The Annual General Meeting of Assima PLC will be held at Hotel Baltimore, 88 bis Avenue Kleber, 75016 Paris, from 10.00 to 11.00 o’clock on May 2, 2011. At that meeting the Board will propose the following resolutions for adoption:
The following items 1 to 4 (Resolutions 1 to 4) will be proposed as ordinary resolutions. For these resolutions to be passed, more than 50% of votes cast must be in favour.
1. Directors’ Report and Accounts (Resolution 1) To receive the Directors’ Report and Accounts for the year ended 31 December 2010 and the auditors' report on those accounts.
The directors usually present their Report and the Accounts for the previous year to shareholders at an AGM. The full Directors’ Report and Accounts will be available on the website of the Company (www.assima.net) on April 20, 2011 or, alternatively, you may obtain a copy of it on application to the Company Secretary at the Company’s registered office, CityPoint, 1 Ropemaker Street, London EC2Y 9HT, during usual business hours on any weekday (public holidays excluded).
2. Dividend (Resolution 2)
To confirm the interim dividend authorised by the board of directors. Under our Articles of Association, the directors can pay interim dividends (these are dividend payments made during the year). The interim dividend of 1 CENT for each ordinary share will be paid on April 20, 2011.
3. The auditors (Resolution 3)
To re-appoint Hays MacIntyre as our auditor until next year’s AGM.
Shareholders have to appoint auditors at every general meeting at which we present accounts to shareholders. The board recommends that shareholders re-appoint Hays MacIntyre as auditor to the Company until the conclusion of the next AGM.
The following item 4 (Resolutions 4) will be proposed as a special resolution. To pass this Resolution, at least 75% of votes cast must be in favour.
4. Authority for Assima PLC to buy back its own ordinary shares (Resolution 4)

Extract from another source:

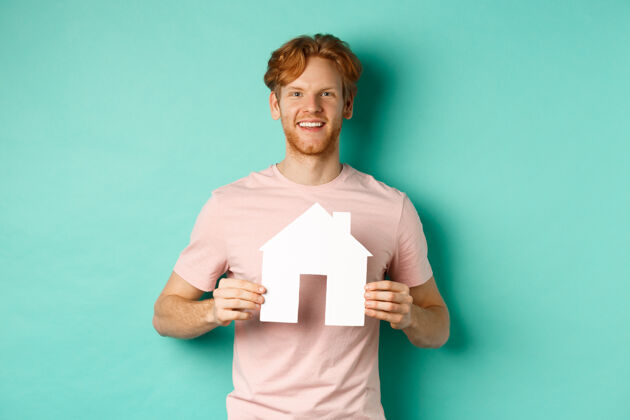 红发房地产概念年轻人红头发 穿着t恤 展示纸房子剪贴画和微笑的幸福 站在薄荷背景复制空间男性房地产房子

To authorise the Company generally and unconditionally to make market purchases (within the meaning of Section 163(3) of the Act) of ordinary shares of one pence each of the Company provided that: a) the maximum number of ordinary shares hereby authorised to be acquired is 350,000; b) the minimum price which may be paid for any such share is one and one half Euro;
c) the maximum price which may be paid for any such share is five Euros or an amount equal to 105 per cent. of the average of closing price of ordinary shares of the Company on the AlterNext for the five business days immediately before the day on which such share is contracted to be purchased, whichever is higher; d) the authority hereby conferred shall expire on the first anniversary of the passing of this resolution or the date of the next AGM of the Company, whichever shall be the later; and e) the Company may make a contract to purchase its ordinary shares under the authority hereby conferred prior to the expiry of such authority, which contract will or may be executed wholly or partly after the expiry of such authority, and may purchase its ordinary shares in pursuance of any such contract.
This resolution authorises us, without conditions, to buy back our own ordinary shares in the market. The following terms would apply:
• The highest number of shares we can buy is 350,000 ordinary shares, which is 5 per cent of our issued share capital as at 1 April 2011, excluding treasury shares.
• The lowest price we can pay for each ordinary share is one and one half Euros.
• The highest price (not including expenses) we can pay for each ordinary share is five Euros or 105 per cent of the average of closing price of ordinary shares of the Company on the AlterNext for the five business days immediately before the day on which we contract to buy the shares, whichever is higher.
• This authorisation will last until 2 May 2012 or, if later, the next AGM.
• We may agree, before this authorisation ends, to buy back ordinary shares even though the purchase may be completed after this authorisation ends.
• If we buy back any shares, they will be cancelled or, to the extent determined by the directors and permitted by law, be held as treasury shares for use in an employee share option scheme or payment for acquisitions.